One of the more controversial proposals relates to alternative funding streams to support those employers who train. With only 10% of firms training, we must grow that number but we shouldn’t continuously be going to the Government with our hand out as the industry has an obligation to play its part.
The industry training system requires all ITOs to be co-funded by their industries as well as the government. This is an important principle as it ensures our industries have ‘skin in the game’, and consequently that our standards and qualifications reflect genuine industry demand.
However, this cost can also dampen the willingness and ability of individual employers to take on trainees. As well as the direct financial cost involved in training, employers effectively provide a significant ‘in-kind’ contribution when they take on a trainee in the form of lower staff productivity, the cost of materials required for rework, and the like. While larger employers may be able to carry this relatively easily, it can be an excessive burden for the SMEs that constitute the majority of construction firms (over 90% of firms have 5 staff or less).
There are a variety of ways in which the need for an industry contribution can be reconciled with making training more financially sustainable for employers. Within our industry, some support exists for the introduction of a training levy on employers from which a training subsidy might be paid.
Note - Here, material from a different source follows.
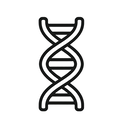 icon_transportation_dna_strand_minimal_outline icon preview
The UK government recently introduced an Apprenticeship Levy on the payroll of large employers, and both Western Australia and Queensland operate similar schemes. Not only does this system make training more accessible for smaller businesses, but it encourages firms to train in order to gain benefits from the levy funds that they contribute.
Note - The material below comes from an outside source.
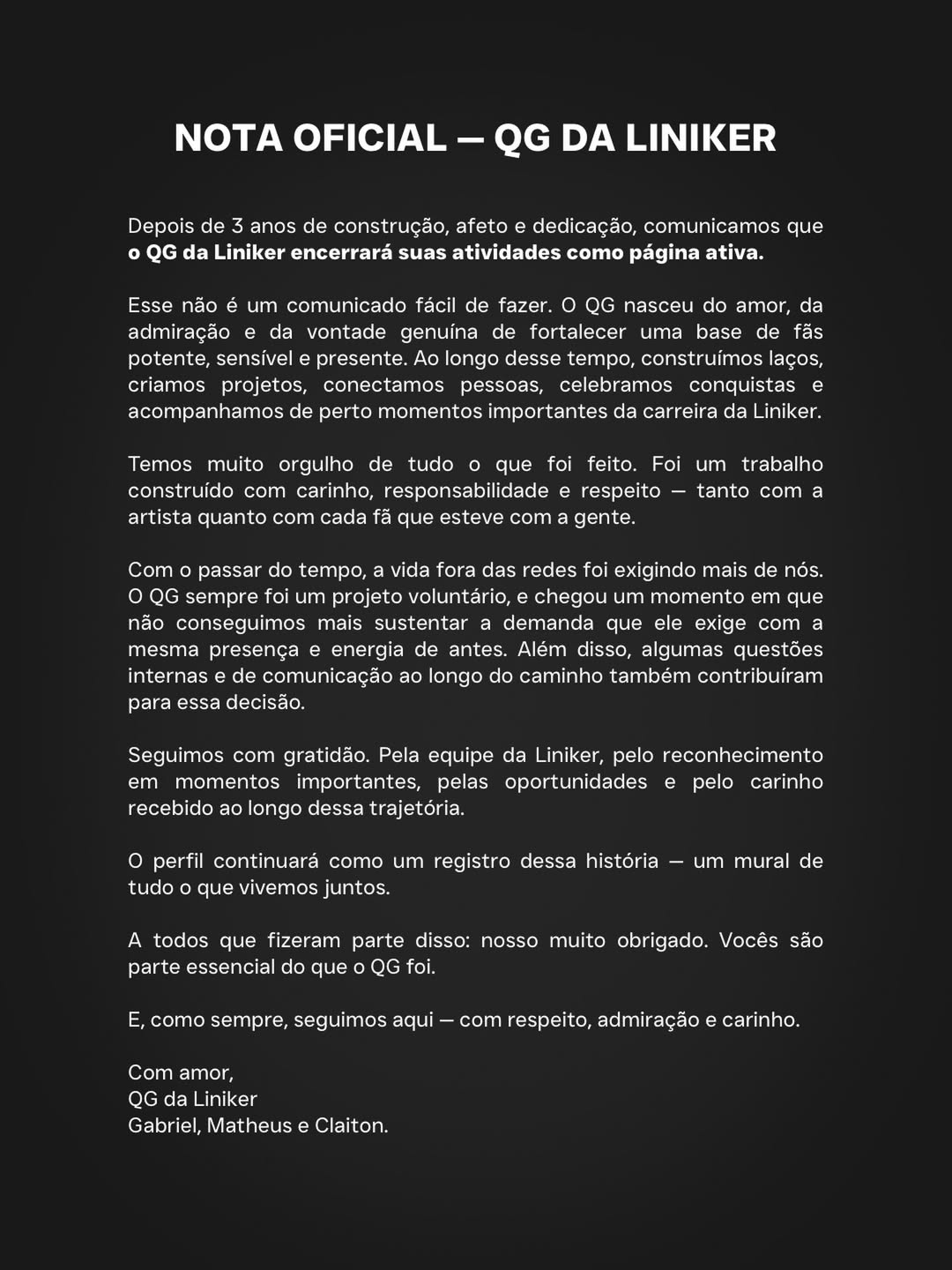 Reprodução: Instagram/@qgdaliniker Reprodução: Instagram/@qgdaliniker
The possible effect of providing direct support to employers can be seen in the impact of the 2013 ’Apprenticeship Reboot’ initiative. This scheme provided an additional public subsidy for employers’ training costs when apprentices signed up and saw apprentice numbers grow by 92% and employer numbers by 73%. This suggests that a relatively modest subsidy – under the Reboot scheme this was $1,000 or $2,000 per apprentice depending on the trade – can have a significant impact on the willingness of firms to take on trainees.
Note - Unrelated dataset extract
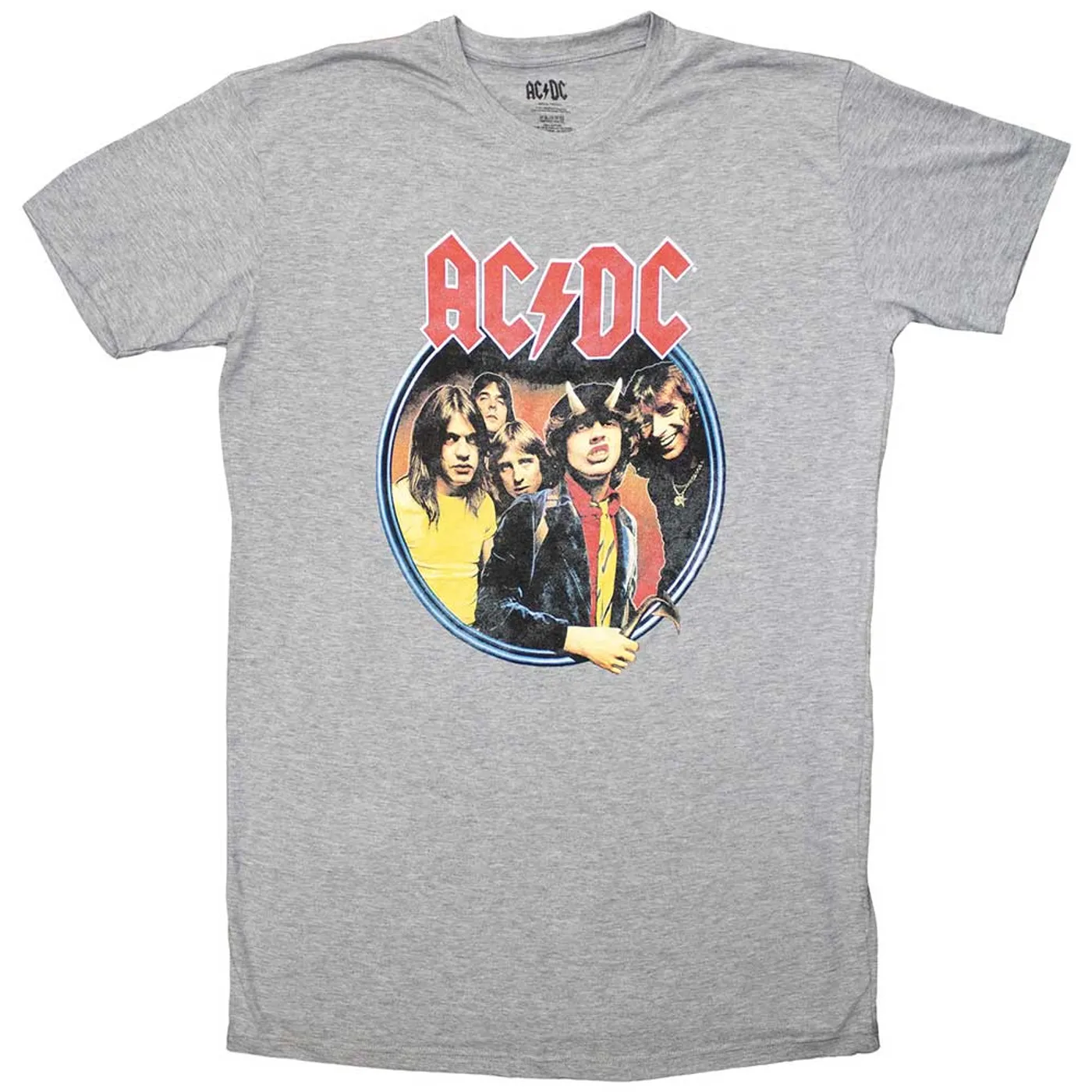 AC/DC Womens T Shirt - Highway To Hell Circle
The concept of an industry-wide levy is not new to New Zealand; we already have a building levy that is used for various purposes. Similarly, the Primary ITO has long used a levy model to supplement the funding secured from individual clients.
A levy system is not the only way of providing direct support for employers, but it provides a model in which such subsidies effectively come from the industry itself – thus preserving the key principle of industry contribution. As a starting point, trialling such a system could involve the use of surplus funds from the existing building levy.